In this case, Chen is alleged to have shipped dozens of cutting-edge radio transmission and digital-to-analog conversion components with potential use in military guidance and radio jamming application. Chinese firms operating in the United States would purchase the components explicitly for use within the United States. They would then send them to Chen in Pomona, who would in turn ship them to Hong Kong or mainland China, listing them in customs documents as low-value uncontrolled electronics.

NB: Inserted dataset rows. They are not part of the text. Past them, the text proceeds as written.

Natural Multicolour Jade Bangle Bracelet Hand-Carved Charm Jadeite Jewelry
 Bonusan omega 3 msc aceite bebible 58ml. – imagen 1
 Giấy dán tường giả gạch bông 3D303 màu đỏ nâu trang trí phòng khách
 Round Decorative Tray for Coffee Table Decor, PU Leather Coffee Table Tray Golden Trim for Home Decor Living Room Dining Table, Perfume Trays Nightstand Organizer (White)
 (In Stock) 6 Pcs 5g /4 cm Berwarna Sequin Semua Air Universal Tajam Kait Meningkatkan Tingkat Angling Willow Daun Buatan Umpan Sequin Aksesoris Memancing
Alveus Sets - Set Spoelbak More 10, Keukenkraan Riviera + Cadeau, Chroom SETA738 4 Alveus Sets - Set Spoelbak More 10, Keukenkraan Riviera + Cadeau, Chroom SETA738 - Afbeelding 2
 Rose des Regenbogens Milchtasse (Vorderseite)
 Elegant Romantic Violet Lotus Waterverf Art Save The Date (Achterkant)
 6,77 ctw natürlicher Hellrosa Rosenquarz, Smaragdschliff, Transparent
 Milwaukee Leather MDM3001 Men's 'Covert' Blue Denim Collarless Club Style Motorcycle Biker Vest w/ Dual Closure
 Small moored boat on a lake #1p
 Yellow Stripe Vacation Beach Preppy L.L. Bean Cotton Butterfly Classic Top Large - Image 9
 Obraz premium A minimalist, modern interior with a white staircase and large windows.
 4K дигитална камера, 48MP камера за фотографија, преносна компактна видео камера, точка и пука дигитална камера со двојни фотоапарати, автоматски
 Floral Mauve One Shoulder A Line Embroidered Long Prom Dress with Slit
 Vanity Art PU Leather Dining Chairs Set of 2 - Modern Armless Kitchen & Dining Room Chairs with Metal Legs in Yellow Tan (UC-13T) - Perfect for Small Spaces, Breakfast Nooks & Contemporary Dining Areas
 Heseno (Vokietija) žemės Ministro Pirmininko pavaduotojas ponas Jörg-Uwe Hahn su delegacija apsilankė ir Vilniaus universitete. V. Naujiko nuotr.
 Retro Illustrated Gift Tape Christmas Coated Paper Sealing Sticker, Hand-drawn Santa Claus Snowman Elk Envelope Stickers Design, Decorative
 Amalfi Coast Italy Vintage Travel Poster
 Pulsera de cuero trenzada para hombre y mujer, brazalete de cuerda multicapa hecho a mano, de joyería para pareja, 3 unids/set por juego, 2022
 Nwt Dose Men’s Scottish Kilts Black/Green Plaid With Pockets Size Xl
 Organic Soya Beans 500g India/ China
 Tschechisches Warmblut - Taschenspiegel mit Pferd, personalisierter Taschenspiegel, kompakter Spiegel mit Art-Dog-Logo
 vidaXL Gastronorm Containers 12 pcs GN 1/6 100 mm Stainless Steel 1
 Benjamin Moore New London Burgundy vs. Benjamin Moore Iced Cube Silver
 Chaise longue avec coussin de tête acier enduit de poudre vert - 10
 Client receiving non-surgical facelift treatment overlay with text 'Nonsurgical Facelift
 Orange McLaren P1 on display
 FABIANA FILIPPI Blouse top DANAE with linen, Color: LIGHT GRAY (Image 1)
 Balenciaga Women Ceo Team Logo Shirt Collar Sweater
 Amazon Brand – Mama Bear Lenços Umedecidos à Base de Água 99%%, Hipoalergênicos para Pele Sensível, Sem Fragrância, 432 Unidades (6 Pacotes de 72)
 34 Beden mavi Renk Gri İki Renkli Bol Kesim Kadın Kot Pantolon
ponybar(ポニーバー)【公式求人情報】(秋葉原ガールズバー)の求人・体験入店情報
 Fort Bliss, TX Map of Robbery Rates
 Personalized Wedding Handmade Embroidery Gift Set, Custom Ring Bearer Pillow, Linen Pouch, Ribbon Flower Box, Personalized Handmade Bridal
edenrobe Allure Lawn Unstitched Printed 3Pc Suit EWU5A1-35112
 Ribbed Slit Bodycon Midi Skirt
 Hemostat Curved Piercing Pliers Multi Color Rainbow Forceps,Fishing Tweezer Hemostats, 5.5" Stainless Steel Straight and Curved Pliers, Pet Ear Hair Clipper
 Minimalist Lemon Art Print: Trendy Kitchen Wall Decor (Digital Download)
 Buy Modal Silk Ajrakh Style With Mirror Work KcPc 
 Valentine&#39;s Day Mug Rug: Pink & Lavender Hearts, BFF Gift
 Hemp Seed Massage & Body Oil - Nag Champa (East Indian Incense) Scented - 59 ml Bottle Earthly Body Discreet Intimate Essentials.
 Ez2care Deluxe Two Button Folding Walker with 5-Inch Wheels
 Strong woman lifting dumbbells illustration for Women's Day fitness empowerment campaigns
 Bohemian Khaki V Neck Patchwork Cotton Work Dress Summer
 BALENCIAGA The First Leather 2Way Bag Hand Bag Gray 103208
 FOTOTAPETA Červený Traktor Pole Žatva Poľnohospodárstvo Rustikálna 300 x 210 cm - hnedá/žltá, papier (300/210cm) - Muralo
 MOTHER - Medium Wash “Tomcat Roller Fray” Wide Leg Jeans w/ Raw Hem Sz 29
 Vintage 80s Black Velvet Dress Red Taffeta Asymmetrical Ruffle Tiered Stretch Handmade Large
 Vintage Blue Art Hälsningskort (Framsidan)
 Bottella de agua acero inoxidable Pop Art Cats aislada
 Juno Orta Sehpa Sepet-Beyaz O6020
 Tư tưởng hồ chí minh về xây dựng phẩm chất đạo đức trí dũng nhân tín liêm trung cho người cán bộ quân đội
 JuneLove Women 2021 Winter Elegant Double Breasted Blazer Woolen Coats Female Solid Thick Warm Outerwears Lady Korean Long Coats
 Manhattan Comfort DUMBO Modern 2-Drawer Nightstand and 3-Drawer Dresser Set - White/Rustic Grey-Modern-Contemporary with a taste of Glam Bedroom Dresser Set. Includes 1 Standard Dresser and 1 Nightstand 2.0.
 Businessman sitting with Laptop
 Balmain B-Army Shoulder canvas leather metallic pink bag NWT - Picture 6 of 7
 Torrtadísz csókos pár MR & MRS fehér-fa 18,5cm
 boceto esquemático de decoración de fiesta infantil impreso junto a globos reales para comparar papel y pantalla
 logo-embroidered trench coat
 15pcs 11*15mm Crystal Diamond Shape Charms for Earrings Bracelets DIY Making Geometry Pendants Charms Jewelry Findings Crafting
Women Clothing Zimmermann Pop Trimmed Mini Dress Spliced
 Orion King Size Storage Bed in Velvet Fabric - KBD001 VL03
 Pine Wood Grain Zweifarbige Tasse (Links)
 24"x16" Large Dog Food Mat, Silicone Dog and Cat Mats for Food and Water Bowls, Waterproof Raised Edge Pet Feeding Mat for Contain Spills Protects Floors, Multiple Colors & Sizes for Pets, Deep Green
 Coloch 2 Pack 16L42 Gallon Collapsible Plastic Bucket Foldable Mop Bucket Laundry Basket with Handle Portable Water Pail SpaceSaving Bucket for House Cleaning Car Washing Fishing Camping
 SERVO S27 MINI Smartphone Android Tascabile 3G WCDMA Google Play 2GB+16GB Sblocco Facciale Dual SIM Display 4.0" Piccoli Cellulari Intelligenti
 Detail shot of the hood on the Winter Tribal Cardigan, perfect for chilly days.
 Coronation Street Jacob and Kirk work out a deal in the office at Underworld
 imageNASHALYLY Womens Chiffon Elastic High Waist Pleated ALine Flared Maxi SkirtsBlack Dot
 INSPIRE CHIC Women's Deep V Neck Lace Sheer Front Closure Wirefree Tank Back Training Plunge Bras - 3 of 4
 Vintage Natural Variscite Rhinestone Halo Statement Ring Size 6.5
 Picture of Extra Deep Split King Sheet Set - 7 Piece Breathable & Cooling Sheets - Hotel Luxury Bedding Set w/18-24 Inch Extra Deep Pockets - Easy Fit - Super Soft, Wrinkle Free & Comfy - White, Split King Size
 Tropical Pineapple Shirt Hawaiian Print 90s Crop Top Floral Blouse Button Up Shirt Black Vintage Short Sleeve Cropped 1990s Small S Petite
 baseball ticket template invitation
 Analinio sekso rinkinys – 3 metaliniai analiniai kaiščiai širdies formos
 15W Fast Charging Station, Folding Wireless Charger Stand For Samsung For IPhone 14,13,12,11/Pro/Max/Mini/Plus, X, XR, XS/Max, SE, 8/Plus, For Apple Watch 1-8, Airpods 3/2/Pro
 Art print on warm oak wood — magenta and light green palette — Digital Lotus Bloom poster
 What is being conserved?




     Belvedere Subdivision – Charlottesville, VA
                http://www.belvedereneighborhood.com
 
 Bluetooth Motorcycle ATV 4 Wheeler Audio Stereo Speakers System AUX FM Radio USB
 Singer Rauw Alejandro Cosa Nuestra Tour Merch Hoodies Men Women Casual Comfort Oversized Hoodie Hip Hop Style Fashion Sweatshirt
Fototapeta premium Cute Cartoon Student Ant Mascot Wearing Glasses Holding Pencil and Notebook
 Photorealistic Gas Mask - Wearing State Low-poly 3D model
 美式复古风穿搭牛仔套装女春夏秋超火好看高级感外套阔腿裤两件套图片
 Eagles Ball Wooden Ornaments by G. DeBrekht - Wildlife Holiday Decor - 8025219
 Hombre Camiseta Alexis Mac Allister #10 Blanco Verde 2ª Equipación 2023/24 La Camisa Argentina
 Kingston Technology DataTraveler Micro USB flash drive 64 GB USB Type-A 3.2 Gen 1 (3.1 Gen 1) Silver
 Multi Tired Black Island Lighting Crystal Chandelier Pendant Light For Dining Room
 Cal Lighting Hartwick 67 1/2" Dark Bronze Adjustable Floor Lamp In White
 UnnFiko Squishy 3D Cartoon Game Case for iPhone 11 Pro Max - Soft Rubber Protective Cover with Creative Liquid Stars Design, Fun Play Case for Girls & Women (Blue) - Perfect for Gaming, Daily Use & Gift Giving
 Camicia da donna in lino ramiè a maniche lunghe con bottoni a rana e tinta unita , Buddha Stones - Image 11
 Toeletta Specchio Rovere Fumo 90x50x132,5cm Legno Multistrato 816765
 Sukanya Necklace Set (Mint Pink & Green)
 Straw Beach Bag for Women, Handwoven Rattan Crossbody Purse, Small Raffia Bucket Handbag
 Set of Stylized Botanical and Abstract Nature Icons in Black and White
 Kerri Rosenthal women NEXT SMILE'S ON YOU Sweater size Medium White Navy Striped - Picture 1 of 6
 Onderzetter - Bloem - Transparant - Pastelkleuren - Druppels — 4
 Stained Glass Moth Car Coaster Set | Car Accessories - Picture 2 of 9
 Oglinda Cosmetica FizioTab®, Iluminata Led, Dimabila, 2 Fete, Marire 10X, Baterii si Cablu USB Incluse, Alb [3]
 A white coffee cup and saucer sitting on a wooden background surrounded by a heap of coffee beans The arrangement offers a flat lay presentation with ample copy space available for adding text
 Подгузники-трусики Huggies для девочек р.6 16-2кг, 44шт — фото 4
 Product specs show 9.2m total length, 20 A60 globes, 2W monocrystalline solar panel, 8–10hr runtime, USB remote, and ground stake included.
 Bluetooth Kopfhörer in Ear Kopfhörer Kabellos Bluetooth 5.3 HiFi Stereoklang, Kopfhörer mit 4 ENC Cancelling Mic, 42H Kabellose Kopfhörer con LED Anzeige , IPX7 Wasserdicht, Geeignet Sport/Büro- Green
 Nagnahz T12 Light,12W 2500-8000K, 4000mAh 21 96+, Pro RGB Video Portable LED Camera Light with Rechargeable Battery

In return, money from China was wired to Chen’s accounts in the United States.

“Federal export laws are designed to protect American interests by preventing the proliferation of technology that may fall into the wrong hands,” said Acting United States Attorney for the Central District of California Sandra Brown. “We will vigorously pursue those who traffic items that could harm our national security if they land in the wrong hands.”

Chen also faces money laundering and immigration charges and, if convicted of all 14 of the pending charges against her, could theoretically receive 150 years in federal prison.

Last Friday, yet another Chinese national, Xu Jiaqiang, was convicted in his espionage case in White Plains, New York. Xu pleaded guilty to violations of the Economic Espionage Act. He stole sourcecode from his American employer and transferred it to parties in mainland China for payoffs. Xu will face up 75 years in prison when he is sentenced in October.

These three cases represent the latest in federal efforts to stem the flood of communist China’s determined and state-sponsored operations to extract information from the American public and private-sectors. Last year, these efforts even discovered a Chinese spy at the FBI itself.